== Task ==
Return the listing below verbatim. Pictures do not belong in the copy.

== Source material ==
+--

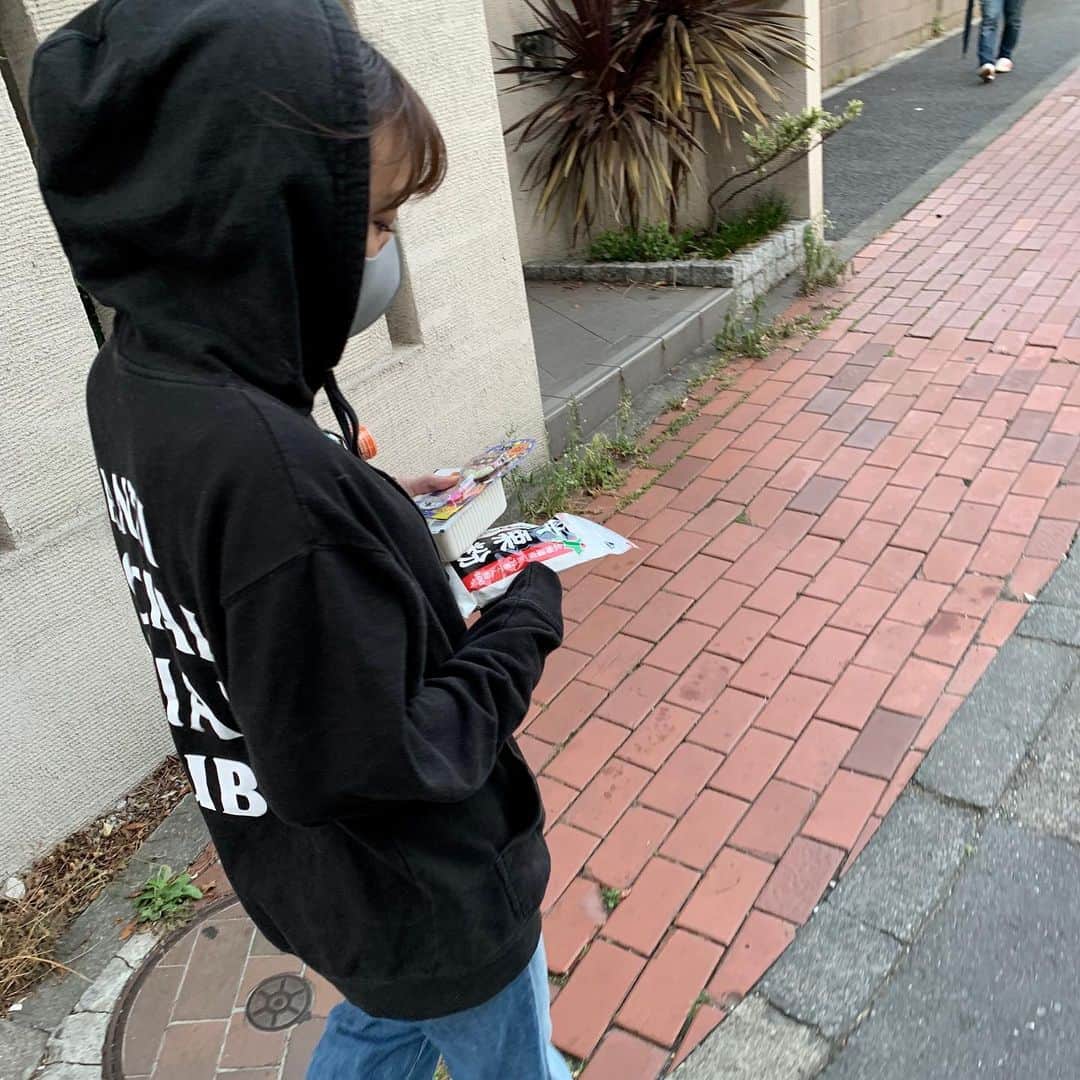 橋本耀のインスタグラム：「レジ袋はもらわない派ですエコ~」
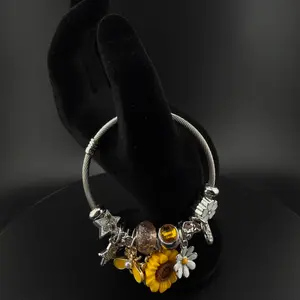 D'Luxe Essentials Faux Diamond Resin Sunflower Daisy Bee & Star Pattern Luxury Elegant Bangle Bracelet for Women's Fashion Jewelry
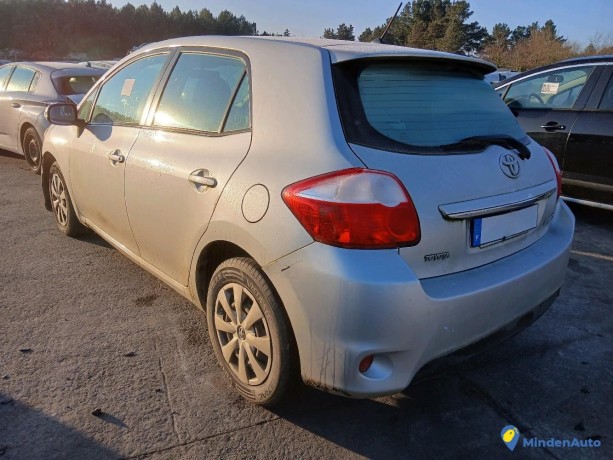 toyota-auris-2-14-d4d-90-gazole-big-1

+--

== Solved exercise ==
 橋本耀のインスタグラム：「レジ袋はもらわない派ですエコ~」
 D'Luxe Essentials Faux Diamond Resin Sunflower Daisy Bee & Star Pattern Luxury Elegant Bangle Bracelet for Women's Fashion Jewelry
 toyota-auris-2-14-d4d-90-gazole-big-1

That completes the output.